Pite dances while Siegal
narrates. Her movement -- quirky, squirming and playful -- is often
the least compelling element of the composition. Siegal's intimate,
thoughtful presence and rich voice, Labrosse's growling score, and
reflections caught haphazard in the mirror overshadow her action.
When Siegal joins her briefly, his flurried, abbreviated attack
flings into itself. The story diminishes into a sort of philosophical
dangle and the work, as impressive as it is technically, is ultimately
too self-congratulatory.
Kimberly Bartosik is
returning to choreography and performance after a two-year break.
In that time she seems to have stored up a lot of ideas.

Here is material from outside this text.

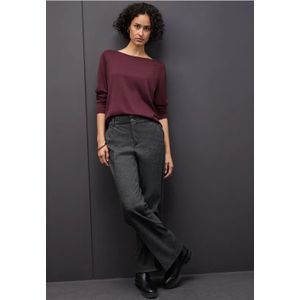 Street One Dames Gebreide trui in Rood, in size: 46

Her duet
with Derry Swan, "The Mechanics of Fluids," contains the evening's
most inscrutable barrage of images and meanders compositionally.
It also contains the evening's lushest dancing. The two figures
begin isolated in pools of light, one underneath what might be a
giant Native American dreamcatcher. Fractured forms pulse on a television
monitor like during REM sleep as the dancers shake. Are they invoking
or warning away demons? One solo approaches liturgical flagellation.
Another is juxtaposed against environmental sounds, birds whistling
and amphibians croaking, as if at the dawn of the world.
Both dancers, Bartosik
a Merce Cunningham alumna and Swan a current Cunningham member,
are eerily feminine, perhaps sensing genesis in their wombs. They
alternate between wonder and abandon. Ancient, violent, elemental
and scary energies wear each of them out after possessing her.
Chris Dohse is the Dance Insider's senior critic, and has also
contributed to the New York Times, Village Voice, and Dance Magazine.